7/10
Not mind blowing, but still enjoyable.
5 January 2017
This 1991 sequel to David Cronenberg's 1981 horror hit Scanners went straight to video in the UK, so I was fully expecting the film to be a cheap and cheesy cash-in with few redeeming features. But while Scanners II: The New Order isn't quite on a par with the original, it's still a very serviceable movie, a respectful follow-up with a decent plot, fine performances, and just enough splatter to satisfy those who, like me, regard the exploding head in the first film to be one of the best make-up effects ever committed to film.

David Hewlett stars as 'scanner' David Kellum, whose extraordinary psychic powers enable him to control people's minds and inflict pain/damage on those who threaten him.
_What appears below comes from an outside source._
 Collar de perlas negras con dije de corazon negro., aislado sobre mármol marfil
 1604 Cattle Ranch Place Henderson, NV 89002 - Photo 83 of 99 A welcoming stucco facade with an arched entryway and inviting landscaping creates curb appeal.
With such a special gift, he is quickly recruited by power hungry Commander John Forrester (Yvan Ponton), who wants to use David as a tool in the building of a totalitarian 'new order'. However, when David realises that Forrester is a fascist dictator in the making, he rebels, pitting him in a desperate battle against Forrester's less idealistic scanners, of which Peter Drak (Raoul Max Trujillo) is the most powerful.

Horrible saxophone score aside, there isn't really much to dislike about The New Order: director Christian Duguay keeps things moving along at a reasonable pace, the cinematography is good, there are two juicy exploding noggins (although neither are as shocking as FX genius Dick Smith's handiwork in Cronenberg's movie), and rounding out the cast are Deborah Raffin as David's babelicious older sister Julie, Tom Butler as nasty Doctor Morse, and Isabelle Mejias as David's girlfriend Alice Leonardo.

6.5 out of 10, rounded up to 7 for IMDb.